We’re now working on integrating Vesica with either MapQuest or BingMaps to bring make the enhanced timeline a part of Vesica along with the two other major updates for this year (the report building tool and the Drupal API).

In the mean time, we will make publicly available a basic version of Vesica’s Google Maps timeline to give you a brief preview of what the functionality does next week. Customers who when prefer to use the Google Maps timeline can have that activated in their accounts for a fixed annual fee in addition to the standard £0.05 per object fee.

If, however, you wouldn’t like to spend extra and can wait a few weeks for a free interactive, map-driven timeline – subscribe to this blog to stay up-to-date.

In the meantime, if you are interested in deploying Google Maps in your organisation or museum with your collections management software fully integrated, please get in touch with us by commenting on this article, calling +44 2081338050 or emailing our sales team at [email protected]

September 15, 2012

Getting art collection reports the way you want them

One of the updates scheduled for the last quarter of 2012 in Vesica is a report building tool. Unlike other software where you can generate pre-defined reports, this reporting tool will allow you to print whatever you want on a report.
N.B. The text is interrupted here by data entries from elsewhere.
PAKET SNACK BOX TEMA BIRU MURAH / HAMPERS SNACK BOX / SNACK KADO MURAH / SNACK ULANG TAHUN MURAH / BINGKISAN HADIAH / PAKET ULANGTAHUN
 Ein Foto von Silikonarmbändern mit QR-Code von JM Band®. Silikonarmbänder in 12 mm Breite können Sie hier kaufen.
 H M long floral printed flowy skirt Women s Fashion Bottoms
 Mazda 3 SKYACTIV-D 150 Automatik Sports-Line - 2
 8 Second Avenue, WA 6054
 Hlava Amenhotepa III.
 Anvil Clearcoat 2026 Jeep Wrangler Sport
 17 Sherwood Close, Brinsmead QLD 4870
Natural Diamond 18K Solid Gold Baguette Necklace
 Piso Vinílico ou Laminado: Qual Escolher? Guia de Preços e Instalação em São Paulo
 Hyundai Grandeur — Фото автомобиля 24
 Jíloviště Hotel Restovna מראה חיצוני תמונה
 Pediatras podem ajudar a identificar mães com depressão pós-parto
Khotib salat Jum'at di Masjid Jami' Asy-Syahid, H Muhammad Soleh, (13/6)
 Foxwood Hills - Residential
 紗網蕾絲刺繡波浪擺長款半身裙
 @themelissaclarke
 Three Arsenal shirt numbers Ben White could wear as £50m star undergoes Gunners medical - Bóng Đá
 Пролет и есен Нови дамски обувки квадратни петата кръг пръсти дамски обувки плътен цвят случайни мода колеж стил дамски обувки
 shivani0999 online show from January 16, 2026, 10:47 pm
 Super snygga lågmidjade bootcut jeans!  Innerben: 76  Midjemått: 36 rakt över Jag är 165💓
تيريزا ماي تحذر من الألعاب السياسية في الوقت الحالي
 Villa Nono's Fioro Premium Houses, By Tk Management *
The report builder will benefit immensely from Vesica’s already powerful search and filter functionality. As it stands, you basically filter, search and drill down in your collection to view objects / pieces by a variety of different parameters – and you get to define and choose these parameters. In the current system, though, you are unable to choose what information about the searched and filtered objects you would like to print on a report. This information is pre-defined and, as such, may not be very useful to all departments in a museum.

But that’s what will change. You will be able to choose what information you want to include on a searched report of objects and pieces, just like you can choose what information you would like to print when creating a detailed object report.

So, illustrated with an example, your current search and filter interface might look like this:

Filter Options

Once you press Search, you’ll get the filtered results. On pressing the print icon on the top right, you’ll be presented with a pop-up allowing you to choose the information you would like to print about each object on the report, as shown below:

Report Printing Options

Choose and press print or export to word – that’s pretty much all you will need to do to create any report you require. This feature is currently in development and is scheduled for release in November. If you have any suggestions or anything particular you’d like to see implemented along with the report builder, please don’t hesitate to comment and share your thoughts.

August 10, 2012

Summer @ Vesica

It’s been a busy summer at Vesica – we’re hard at work making some major architectural changes to the application to sustain the ongoing growth – many of our customers (and we’ve surpassed 200 this month!) will start to see the benefits of these changes in the ongoing months in the form of increased speed and faster reponse times when uploading data, images, audio and video files along with rapid development of additional features and functionality.

We have an updated list of new features and functionality that will be posted to the coming soon page (https://vesica.ws/features/coming-soon/) next week, so if you’ve been waiting for bibliography and research features along with some advanced file sharing and management, stay put, because it’s all in the mix.

In the mean time, if you’ve been following the news in the museum industry of budget cuts across the board, now is as good a time as any to tell your local museum about Vesica. It well help them with hundreds of thousands of dollars in a few years. What more, using a cloud based solution like Vesica can mean that museums can protect the jobs that matter and spend money where it is necessary (i.e., on conservation) as opposed to maintaining IT.

See http://www.museumsassociation.org/campaigns/01072012-ma-2012-cuts-survey for more details – we’ll have more on these discussions in the coming weeks.

July 10, 2012

Secure Galleries and More Coming this Week

The update scheduled for later this week adds the of first of what will be many phases towards making Vesica galleries for individual accounts secure.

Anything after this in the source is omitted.